Facing Corrupt Contractors in Afghanistan
November 28th, 2011
November 28th, 2011
In June of this year, the U.S. Senate published a report evaluating U.S. foreign assistance to Afghanistan that emphasizes the unsustainability of the current foreign assistance strategy. Of particular interest is the key point that the “U.S. government relies heavily on contractors in Afghanistan, but multiple reports have raised alarms about the lack of robust oversight and accountability for multi-billion dollar investments.” The reality is that when these private companies are found guilty of corruption, the consequences, if any, are low. Bennett-Fouch Associates and K5 Global allegedly left Afghanistan abruptly while owing their subcontractors two million dollars in 2010, and it took almost a year for the U.S. government just to suspend them. This list continues with the Watan Group and the Louis Berger Group Inc. accused of wrongdoings; both companies are still currently working in Afghanistan.
These examples go a long way toward demonstrating a close and questionable relationship between private companies and governments, but what is the bigger picture?

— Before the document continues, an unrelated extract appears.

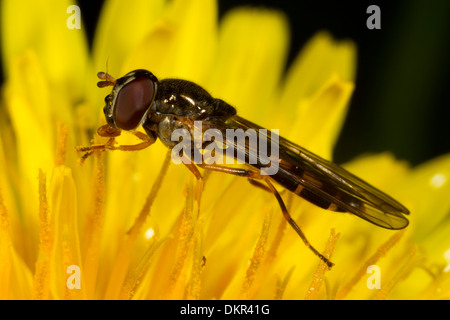 A scacchi (Hoverfly Melanostoma scalare) femmina in un fiore di tarassaco. Powys, Galles. Maggio. Foto Stock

Many reconstruction projects in Afghanistan fall to dust a few years after their inauguration due to poor quality material, corruption, lack of oversight and continuous control monitoring. Average people in the countryside get roofs that leak, bricks that crumble and maintenance costs that are completely unsustainable. The typical response from the West tends to be to look at the Afghan government for solutions. While it is true that Afghanistan suffers from weak governance structures, low budget execution and high corruption, these are not the only contributors to Afghanistan’s problems. The international private companies that acquire development contracts and operate outside the realms of transparency and beneficiary accountability are also a large part of the problem. The Afghan citizens, who should be the first priority, are dismissed from their own development process. Contracts are signed in the U.S. where only American jurisdiction applies, and the agencies responsible for holding these companies accountable are the farthest away from the problems.
In developed countries, fraud and embezzlement can damage the financial and investment systems resulting in a weaker economy. In developing countries, it can result in prioritization of the few and abuse of power and resources channeled through traditional power structures. In humanitarian situations, the failure of aid programs can also result in renewed conflict and war as grievances and mistrust are high. Ultimately, the failure to hold these private companies accountable is counterproductive to the goals behind foreign aid disbursement.